For the novice researcher the easiest record to access is family oral history as revealed through entries in Bibles, family photos, wills, and information provided by living relatives. As much as you may think that genealogists are focused on exact dates for birth, marriages and deaths, this does not need to be your quest in the beginning. Approximation of these dates as recalled by relatives is sufficient clue for you to be able to initiate a productive research program. After all, any dates and relationships recalled by others will have to be verified by you and the appropriate source cited. It is so important in the beginning to make a sincere effort to record the source of information gathered. This will help others to authenticate links they may make to your family tree.

At the outset it is important to put your quest to identify your ancestors in perspective and recognize that it is a task that you will never finish.
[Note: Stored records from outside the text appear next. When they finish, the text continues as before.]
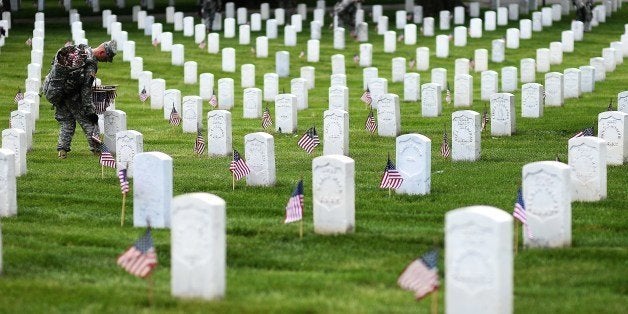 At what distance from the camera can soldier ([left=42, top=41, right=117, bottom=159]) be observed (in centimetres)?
2164

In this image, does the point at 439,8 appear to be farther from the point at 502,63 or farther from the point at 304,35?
the point at 502,63

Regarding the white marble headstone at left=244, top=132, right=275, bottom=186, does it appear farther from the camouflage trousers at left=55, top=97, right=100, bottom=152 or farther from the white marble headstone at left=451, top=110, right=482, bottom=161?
the camouflage trousers at left=55, top=97, right=100, bottom=152

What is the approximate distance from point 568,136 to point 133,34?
2188 cm

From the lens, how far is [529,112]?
88.8 ft

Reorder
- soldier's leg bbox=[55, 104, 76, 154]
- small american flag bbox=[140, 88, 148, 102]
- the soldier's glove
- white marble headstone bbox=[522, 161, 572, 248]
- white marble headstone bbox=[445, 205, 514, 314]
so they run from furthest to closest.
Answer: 1. small american flag bbox=[140, 88, 148, 102]
2. soldier's leg bbox=[55, 104, 76, 154]
3. the soldier's glove
4. white marble headstone bbox=[522, 161, 572, 248]
5. white marble headstone bbox=[445, 205, 514, 314]

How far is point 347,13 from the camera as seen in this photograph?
45.0 m

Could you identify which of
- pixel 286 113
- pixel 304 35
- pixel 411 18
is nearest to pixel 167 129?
pixel 286 113

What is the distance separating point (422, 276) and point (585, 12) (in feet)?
115

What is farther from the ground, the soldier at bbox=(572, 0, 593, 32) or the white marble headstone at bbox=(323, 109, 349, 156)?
the soldier at bbox=(572, 0, 593, 32)

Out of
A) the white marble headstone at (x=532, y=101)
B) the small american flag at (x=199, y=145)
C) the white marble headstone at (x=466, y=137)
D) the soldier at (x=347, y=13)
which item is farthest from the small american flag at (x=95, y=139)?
the soldier at (x=347, y=13)

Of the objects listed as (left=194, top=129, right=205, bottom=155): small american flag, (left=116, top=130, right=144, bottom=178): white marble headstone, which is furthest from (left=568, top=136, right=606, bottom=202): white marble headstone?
(left=194, top=129, right=205, bottom=155): small american flag

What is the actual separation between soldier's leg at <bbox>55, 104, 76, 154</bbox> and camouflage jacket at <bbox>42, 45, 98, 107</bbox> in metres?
0.21

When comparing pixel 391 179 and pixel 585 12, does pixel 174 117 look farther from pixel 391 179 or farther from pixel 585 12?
pixel 585 12

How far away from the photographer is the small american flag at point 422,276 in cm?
1148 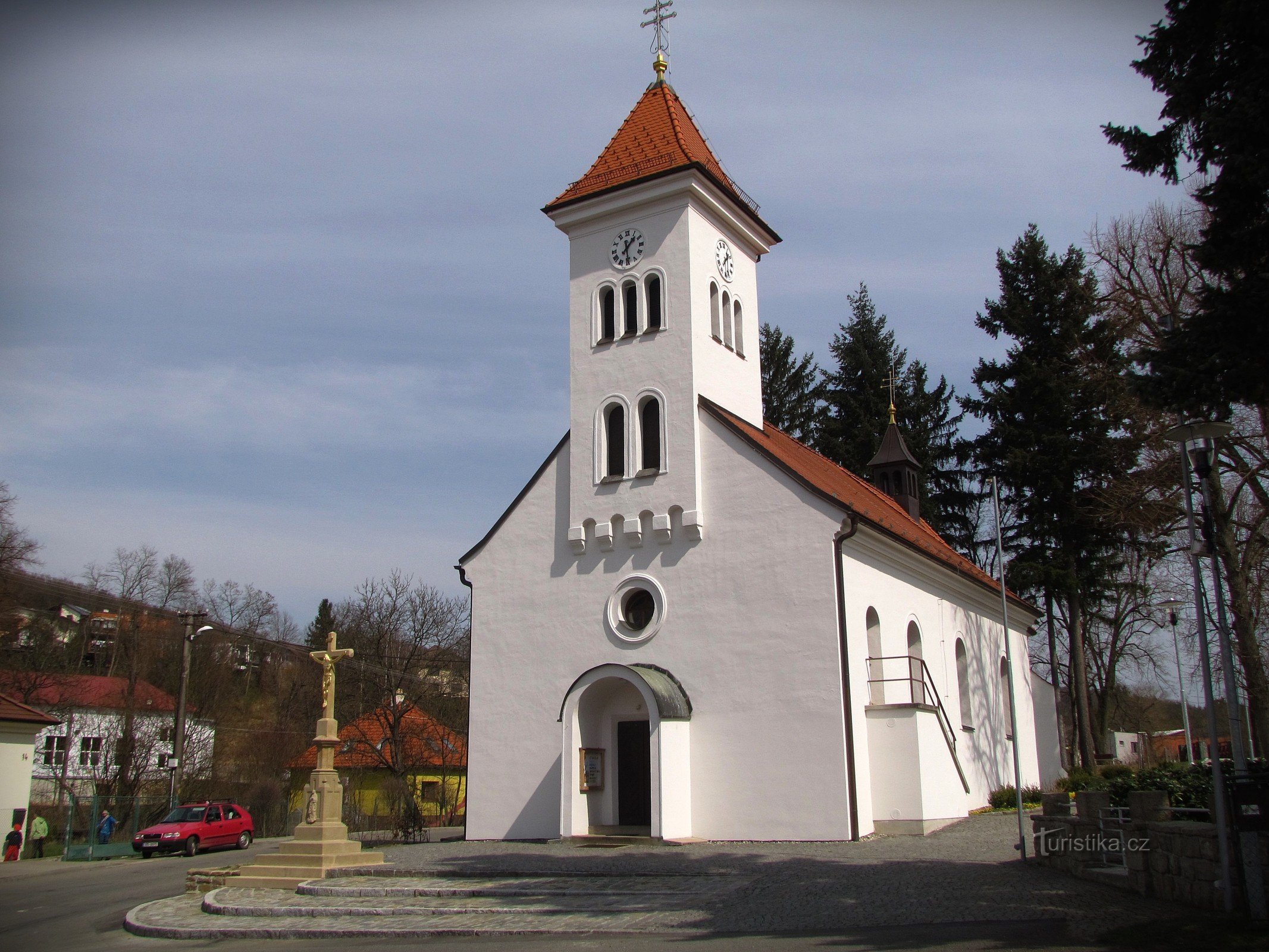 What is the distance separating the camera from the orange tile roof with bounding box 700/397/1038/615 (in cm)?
2086

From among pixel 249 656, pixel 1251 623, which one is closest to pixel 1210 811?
pixel 1251 623

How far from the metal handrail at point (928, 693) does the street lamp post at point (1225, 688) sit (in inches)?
356

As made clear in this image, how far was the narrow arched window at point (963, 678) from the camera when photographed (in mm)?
26906

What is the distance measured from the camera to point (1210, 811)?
35.9 ft

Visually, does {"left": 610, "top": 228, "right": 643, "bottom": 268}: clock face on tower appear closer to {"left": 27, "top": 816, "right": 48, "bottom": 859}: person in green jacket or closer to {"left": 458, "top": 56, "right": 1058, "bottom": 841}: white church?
{"left": 458, "top": 56, "right": 1058, "bottom": 841}: white church

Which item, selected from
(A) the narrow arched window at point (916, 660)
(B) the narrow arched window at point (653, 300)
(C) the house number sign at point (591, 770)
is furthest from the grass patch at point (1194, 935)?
(B) the narrow arched window at point (653, 300)

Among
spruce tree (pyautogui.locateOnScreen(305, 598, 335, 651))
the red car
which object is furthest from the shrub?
spruce tree (pyautogui.locateOnScreen(305, 598, 335, 651))

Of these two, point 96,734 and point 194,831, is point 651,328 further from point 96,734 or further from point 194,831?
point 96,734

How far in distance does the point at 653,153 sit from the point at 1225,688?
17607mm

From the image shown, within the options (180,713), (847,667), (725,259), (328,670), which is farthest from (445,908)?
(180,713)

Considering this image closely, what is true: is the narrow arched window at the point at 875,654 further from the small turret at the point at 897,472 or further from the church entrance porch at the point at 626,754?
the small turret at the point at 897,472

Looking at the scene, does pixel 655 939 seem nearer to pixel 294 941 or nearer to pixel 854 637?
pixel 294 941

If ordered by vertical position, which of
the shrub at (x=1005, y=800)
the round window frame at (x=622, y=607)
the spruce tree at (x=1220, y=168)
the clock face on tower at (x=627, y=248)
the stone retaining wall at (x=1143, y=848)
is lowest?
the shrub at (x=1005, y=800)

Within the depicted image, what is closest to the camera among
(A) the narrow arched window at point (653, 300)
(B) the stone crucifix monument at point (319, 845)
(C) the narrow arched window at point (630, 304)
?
(B) the stone crucifix monument at point (319, 845) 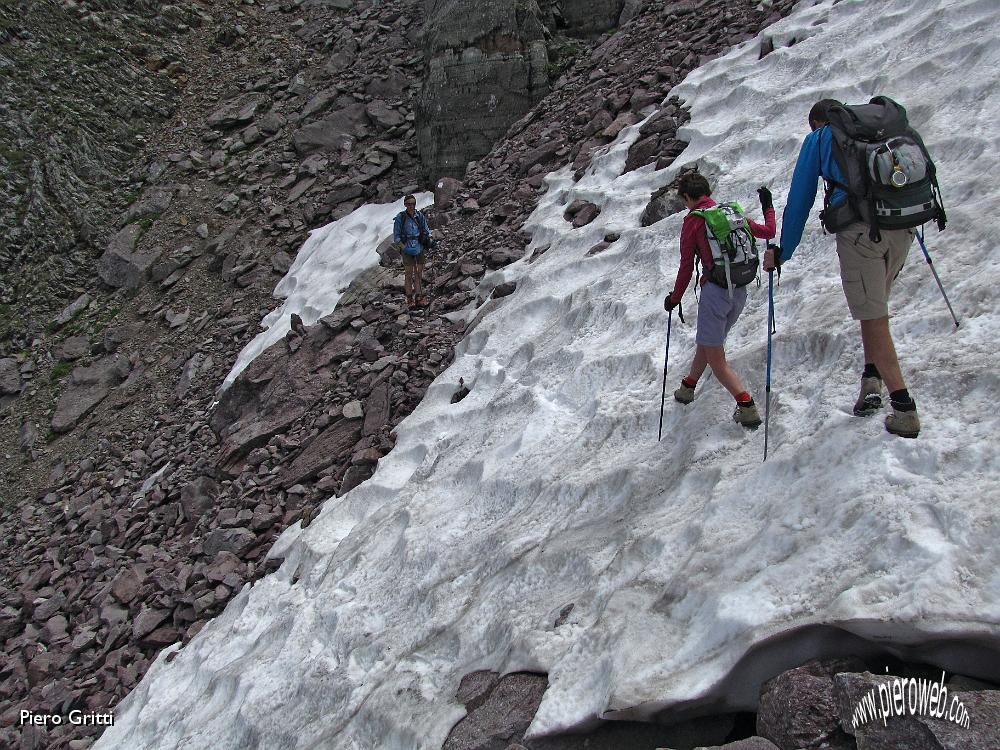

The fun of genealogy investigations is not merely in identifying the BMD (birth, marriage, death) of your ancestors in primary records, but rather using this newly found information to identify relationships and begin writing the story of their lives, occupations, migrations, hardships, and accomplishments.

It will not take long for you to realize that there are many different directions you can take in researching your ancestors. The more you find, the greater the number of questions you will have to answer. The more you seek to find answers to these questions the more you realized that there is so much you do not know about where to look for information. At this point the initial enthusiasm may wane and you begin to get frustrated with the many different directions your original task seems to be going and the array of written notes you have made.

However, in the beginning, all of this is to be expected, and in reality is a good thing for your future research program. Your initial step is one of discovery and determining what you really want to find. You will likely decide to follow either your paternal or maternal line – or at times switch your investigation between the two of them. Of course tracing the paternal line is easier since you are following only one particular surname in its various spellings.

As in any dynamic human endevour we need on occasion to stop and reassess what we are doing, where we are going and what we need to do to become more efficient in completing the task at hand. It is the intent of the Genealogy Notes section of this website to help both the novice and advanced researcher by providing suggestions and guidelines in order to improve the efficiency of your investigations. The information provided here is specifically aimed at helping those in researching the English records of Cornwall.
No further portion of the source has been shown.